Thankfully, UW’s MyPlan, the portal in which students build their schedule, holds all the information they’ll need to make an informed decision. The only thing left to decide is where to start looking.

The first step if you’re still trying to decide what major to pursue is to take introductory classes in the areas you’re interested in. At the UW, you must fulfill a certain amount of general education requirements regardless of your path in the future. 

Taking lower level classes in a variety of fields will not only help you meet the general education requirements, but will also give you a bit of insight into what studying a subject will look like later on. This means exploring your options is risk-free, as long as you double check it falls into one of the general education categories.

General education classes satisfy a range of credits from science courses to fulfilling “Natural World” requirements to the social sciences which fulfill the “Intellectuals and Societies” requirements. The university also has language and diversity requirements aimed to make students' education well-rounded.

If you are looking for a bit more structure in your schedule, the UW offers First-Year Interest Groups (FIGs).These are tight-knit academic communities that provide first-year students community with fellow freshmen with similar interests, as well as advice from upper-classmen with valuable experience in their majors.
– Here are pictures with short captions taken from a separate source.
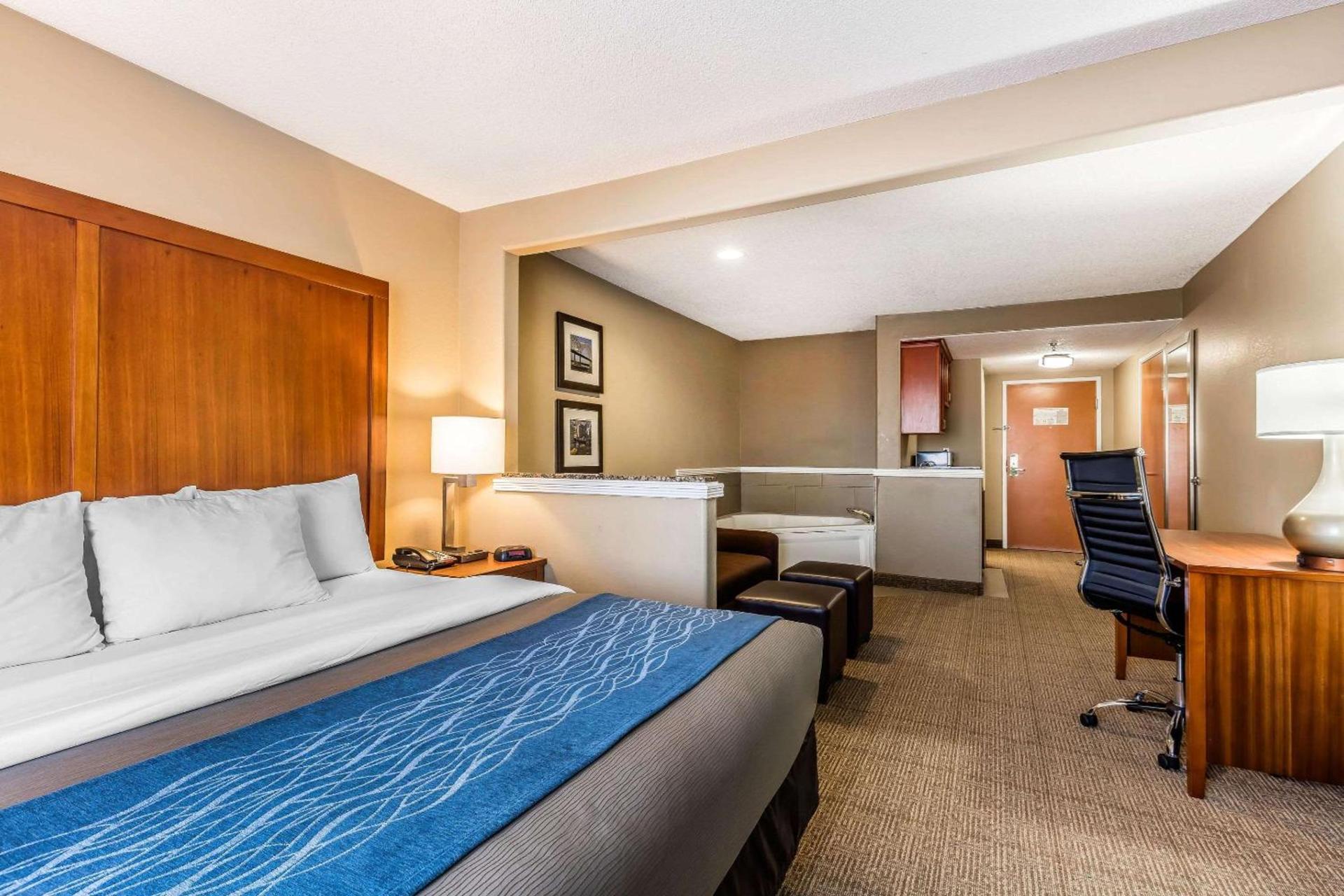 Comfort Inn & Suites Airport-American Way photo 18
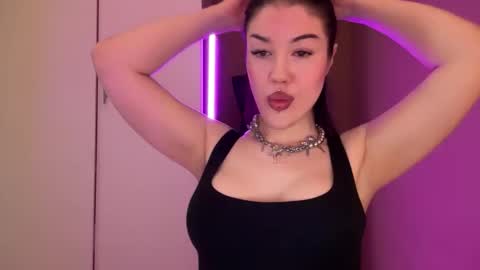 Snapshot of urdevilbaby chatting on October 19, 5:56 am Margo online show from October 19, 5:56 am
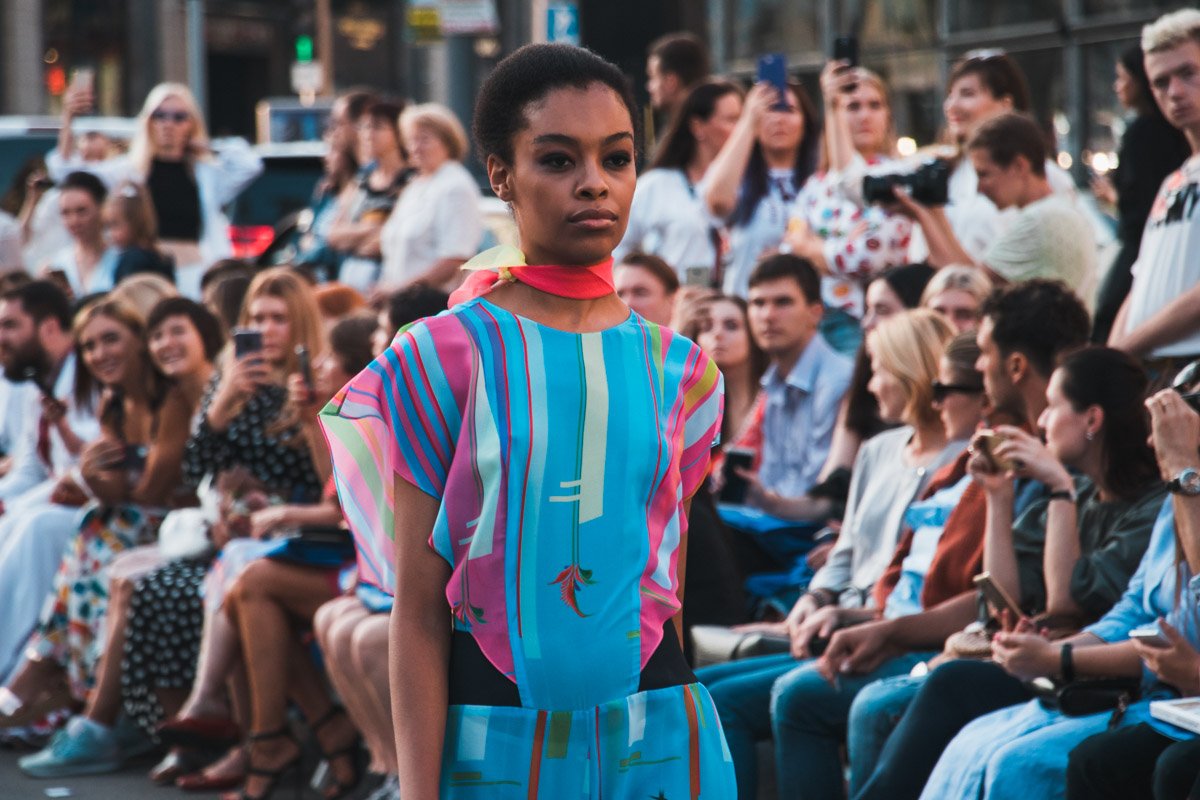 Одежда была от дизайнера Алены Серебровой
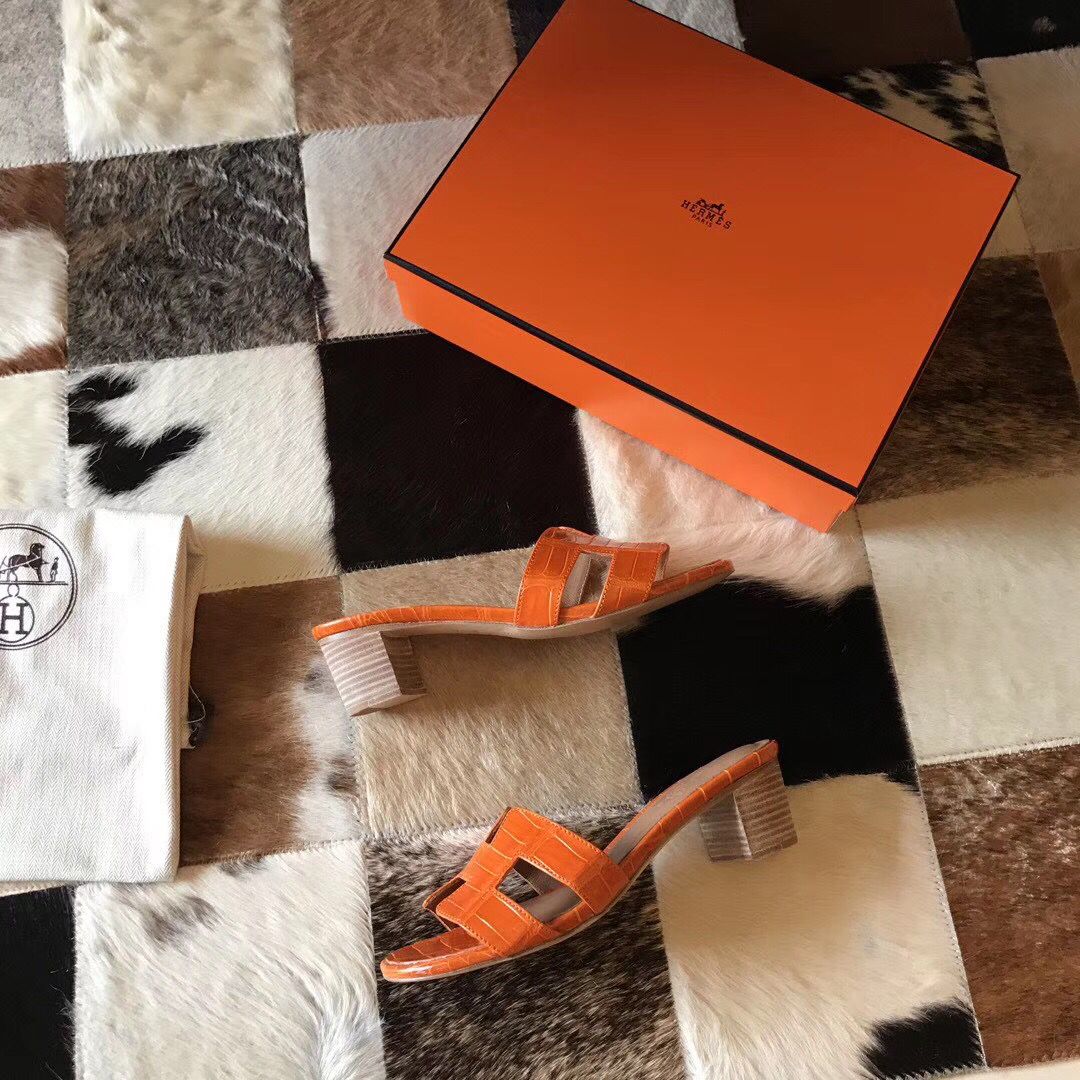 Hermes Oasis Sandals In Orange Shiny Niloticus Crocodile - Image 3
In a FIG, you and around 25 other students will have the same schedule, including discussion sections. You can find a FIG with anywhere between two and 20 credits covering an array of different topics that satisfy various requirements. All students in FIG also take a two-credit course with their FIG leader and classmates that helps you get acclimated to the university and the city of Seattle. FIGs are a great way to not only make friends in your class but also to learn about taking higher level classes from those with decorated backgrounds at the UW. FIGs are exclusively open to first-quarter freshmen and transfers, so if you are interested, now is the time to do it.

One tool that is extremely useful when deciding not only what courses to take, but also what professor to aim for, is This website shows you what the average GPA is in courses at the UW, including averages for each professor. 

Another good tactic for deciding what courses to register for is to do your own research. If you are a direct admit student or already have your sights set on a major, check out the UW’s degree audit feature.

The Degree Audit Reporting System (DARS) maps out prerequisites for acceptance into majors, as well as the likely coursework after acceptance. This is also the place to check if you have any high school credits that can be applied to your general education requirements. For instance, if you took three years of a language in high school, you instantly have your language requirement waived.

One important thing to realize is that it is never too early to speak to your advisor. The UW offers professional advisors that can help you map out your academic career. 

An advisor can help you decide what classes to take and when, whether or not a double major or whether a minor is possible, and what areas you should be improving in order to excel. 

Finally, you have access to the UW’s First-Year Advising Guide. This guide can help to make your transition into college smoother, as well as provide you with a streamlined experience from freshman orientation to the end of your first year here at the University of Washington. 

Congratulations on getting into the UW, and happy hunting!